Anyone who attended Staples in the 1940s, ’50s, ’60s and ’70s knew V. Louise Higgins. The Radcliffe graduate influenced thousands of lives, as a revered English teacher and department chair.
That influence included fellow teachers and administrators, as well as students. Former colleague Karl Decker remembers V. Louise Higgins, who died last Friday at 92.
I came to the Staples English Department in September 1960, along with many other new young teachers. “V. Louise” — “Miss Higgins” of course to us unproven neophytes — had come to my classroom for my first observation.
I was ready with a great lesson, the students were ready with pencils poised for note-taking, and I did all the right things. Miss Higgins sat in back taking notes on a yellow legal pad. Class ended, students left, Miss Higgins rose with her yellow legal pad and approached me.
“Dear boy,” she said using her frequent form of address. “A fascinating class. Tell me, for I am curious — just where did you get your material?”
“My fine college notes, Miss Higgins,” I replied. “You see, I saved them in case–”
“I thought so,” she said and paused. Then: “Tell me, have you considered burning them?” And with that she left the room.
As she passed by the wastebasket, she tore off the top sheet of her yellow legal pad, crumpled it up and backboarded it off the wall into the garbage.
If VL had a supervisory, mentoring objective, it surely was to get us to develop our own expertise, to work towards our own mastery of content and teaching skills. As she put it once to me, “I want you to be able to teach that class with your hands tied behind your back and without the crutch of a lesson plan — of specious value anyway — before you.”
Three years later I held a minor administrative position at Staples and had my teaching schedule halved. VL was clearly not pleased. One day she came to my new office and asked, “Are you going to be an administrator or a teacher?” I leaned back in the arrogance of my swivel chair and said I’d give it some serious thought.

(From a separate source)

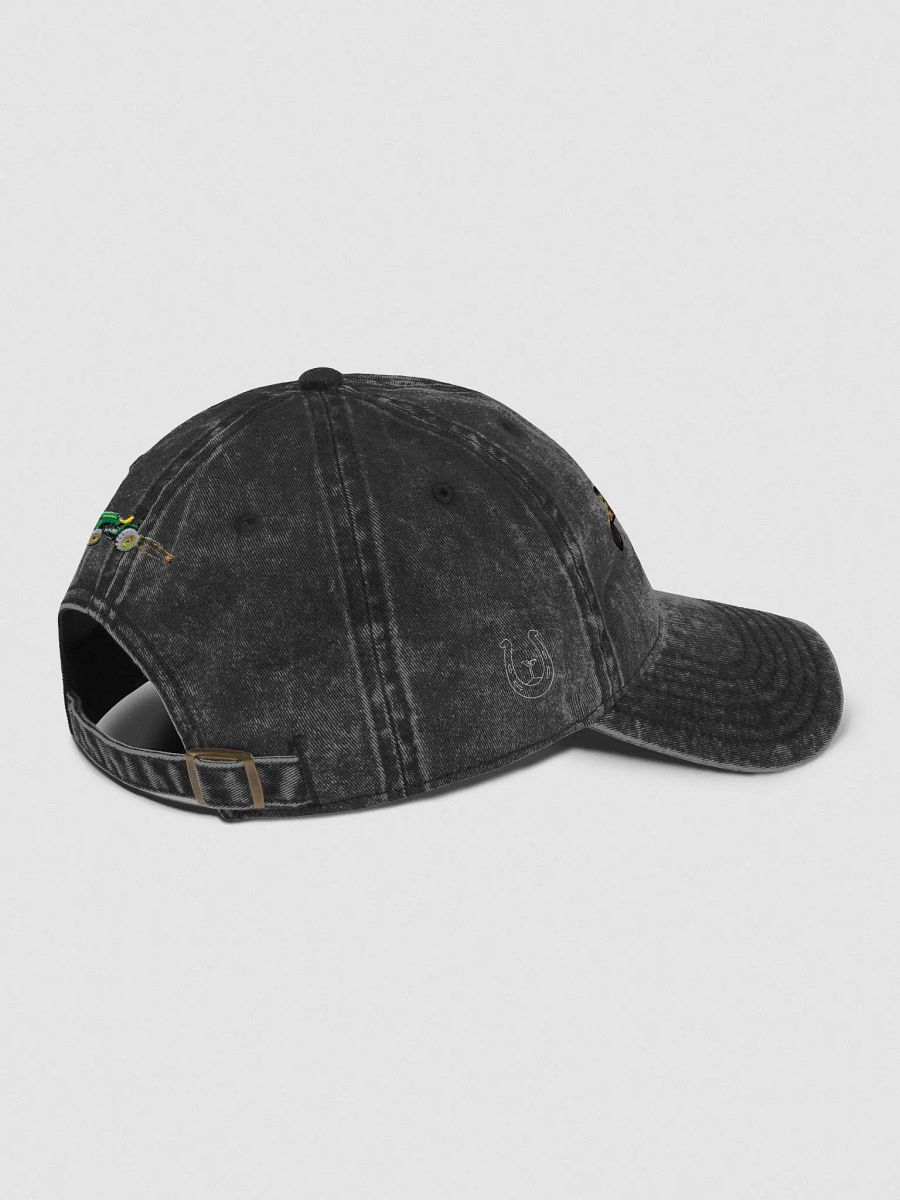 Dad Hat product image (15)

“I want that serious thought done and over with tonight and your answer on my desk tomorrow morning,” she replied. I chose teaching. “The correct choice,” she said later. “Now, about the Shakespeare selections for the sophomore classes…”

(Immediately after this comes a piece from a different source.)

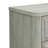 Izzabell Chasteen 5 Drawer Chest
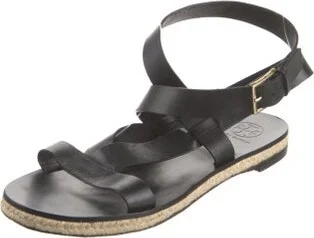 Tory Burch - Image 2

So the years at Staples passed and eventually we went our separate ways. VL retired and devoted her later years to study of the ships and seafaring days of Southport. In 1999 I quit after 43 years of teaching to become a photographer and writer for 6 years at Vermont Magazine. Then by chance we re-met when she was in residence at the famed 3030 in Bridgeport. I had begun work on a novel.
“A novel? Dear boy, do let me read your drafts,” she said. And for the next 2 years, I’d send her the chapters as they came. Her critical skills were undiminished–sharp, perceptive, acerbic and yet supportive.
“On page 145 you have a paragraph that make no sense at all…Oh, yes, and here on page 166, you have a terrible mixed metaphor…ah, there is a nice turn of phrase somewhere here…just can’t seem to find it right now…”
In one of my later calls she asked, “Where are Chapters 21 and 22?” I sent them, but no reply, no critique came. In my last call a few weeks ago, I had asked how she was doing. Prefaced with unguarded and easy laughter, she finally said, “Dear boy, I am 92 years old. At 92 you simply, don’t start getting better.”
As an ex-English teacher I suppose I should be able to end this encomium (she loved big, precise words) with some brilliant quote from the great literature. But nothing seems to come just now. All I can say is I feel as if the chain to one of my several anchors in the world has been severed and for a while, I may be somewhat adrift.
Well. I do hope she likes the metaphor.